The US Military Academy will begin removing Confederate monuments from its campus, including a portrait of Robert E. Lee that shows him wearing a Confederate uniform.
The academy will undergo a “multi-phased process” during the holiday break to remove all 13 identified references and installations honoring the Confederacy, the academy’s superintendent, Lt. Gen.
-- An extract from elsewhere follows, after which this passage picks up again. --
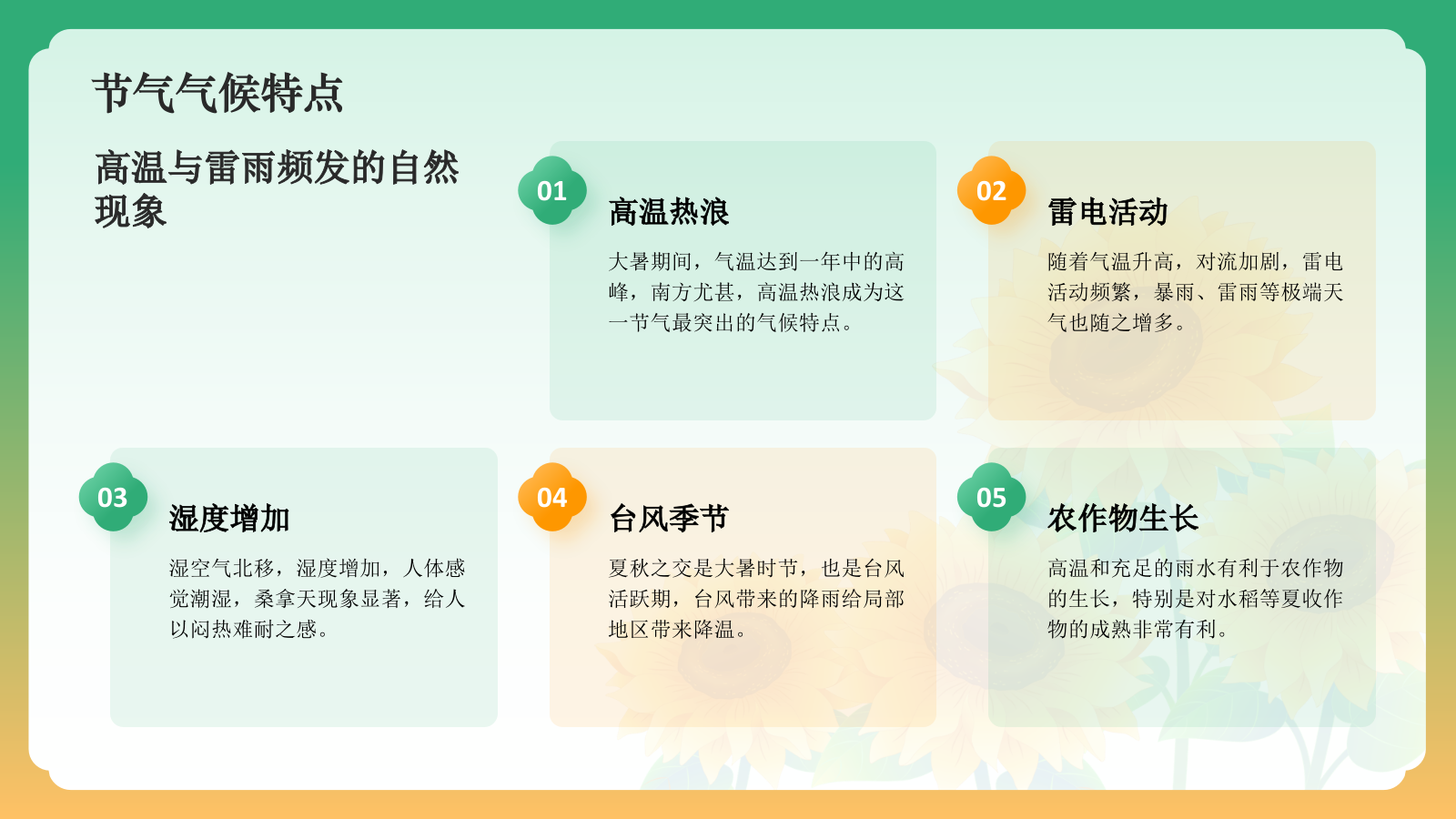 黄色国潮风二十四节气科普介绍——大暑PPT模板.pptx_第4页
Steve Gilland, wrote in a letter to the West Point community last week.
That includes the portrait of Lee from the library, a stone bust of Lee from the campus’ Reconciliation Plaza and a “bronze triptych” at the entrance to Bartlett Hall.
“We will conduct these actions with dignity and respect,” he wrote. “In the case of those items that were class gifts (specifically, Honor Plaza and Reconciliation Plaza), we will continue to work closely with those classes throughout this process.”
The changes at West Point were approved by Defense Secretary Lloyd Austin in October and are part of a larger set of recommendations proposed by the Naming Commission, which was mandated by Congress last year in the National Defense Authorization Act.
“The Commission’s thorough and historically informed work has put the Department on a path to meet Congressional intent – and to remove from U.S. military facilities all names, symbols, displays, monuments, and paraphernalia that honor or commemorate the Confederacy,” Austin wrote in a memo approving the recommendations.
“The Commission has chosen names that echo with honor, patriotism, and history – names that will inspire generations of Service members to defend our democracy and our Constitution.”
This commission garnered national attention in 2020 when former President Donald Trump threatened to veto any NDAA bill that sought to strip Confederate names from military bases or other landmarks. Trump followed through on his pledge, ultimately vetoing the NDAA and sending it back to Congress, where members voted to override his veto.
West Point plans additional changes to be implemented in early spring 2023: A quote from Robert E. Lee at Honor Plaza will be replaced, and stone markers at Reconciliation Plaza will be modified “with appropriate language and images that comply with the Commission’s recommendations, while still conveying the Plaza’s central message of reconciliation.”
Also, West Point’s Memorialization, History, and Museum Committee will propose new names for streets, buildings and areas at the academy named for those who served in the Confederacy.